There is no single answer: it depends on the ranking. At the 2025 World Cheese Awards The winner was the Swiss Gruyère AOP Vorderfultigen Spezial, while according to TasteAtlas The 2026 podium features Greek Graviera Naxou in first place and Parmigiano Reggiano DOP, which, however, remains the most-awarded cheese in the history of the World Cheese Awards with 937 medals from 2001 to the present.

In the TasteAtlas ranking updated as of January 2026, the top three are Graviera Naxou (Greece, 1st place), Parmigiano Reggiano DOP (Italy, 2nd place) and Queijo de Azeitão (Portugal, 3rd place).

For three main reasons: a production regulations very strict, requiring raw milk, limited area of origin and minimum aging period of 12 months; a system of traceability on a wheel-by-wheel basis with expert evaluation final evaluation by the Consortium; and a consistent track record at the World Cheese Awards which no other cheese in the world has ever matched, with A total of 937 medals since 2001.

Among the The world’s most expensive cheeses include extremely rare varieties such as Serbian Pule, made from donkey’s milk, alongside extremely aged Parmigiano Reggiano aged for over 60–80 months, sold as collector’s items. The high price here reflects the production scarcity, not necessarily an indication of superior quality.
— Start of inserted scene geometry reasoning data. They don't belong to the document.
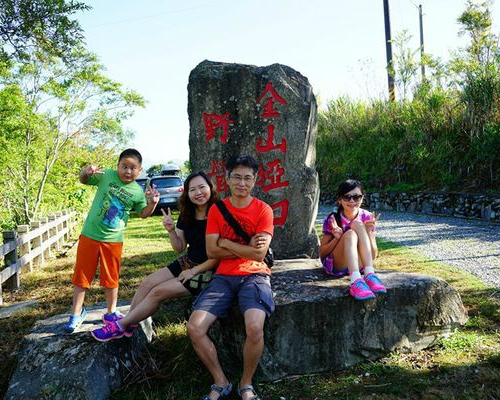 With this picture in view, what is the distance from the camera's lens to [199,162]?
513 centimetres

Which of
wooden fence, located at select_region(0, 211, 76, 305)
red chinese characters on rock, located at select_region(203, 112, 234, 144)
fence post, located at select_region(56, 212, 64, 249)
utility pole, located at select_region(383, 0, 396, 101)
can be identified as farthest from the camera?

No. Already within the first 48 hours of processing, the lactic acid bacteria completely convert the lactose into lactic acid: the Parmigiano Reggiano It is therefore naturally lactose-free regardless of the aging period, as confirmed by the Ministry of Health in 2016.

The Parmigiano Reggiano uses raw cow’s milk partially skimmed and has a minimum aging period of 12 months, with grainy texture and notes of umami and dried fruit. The Swiss Gruyère AOP It uses whole cow’s milk and has a minimum aging period of 5 months and a more elastic texture, with sweeter and nutty notes.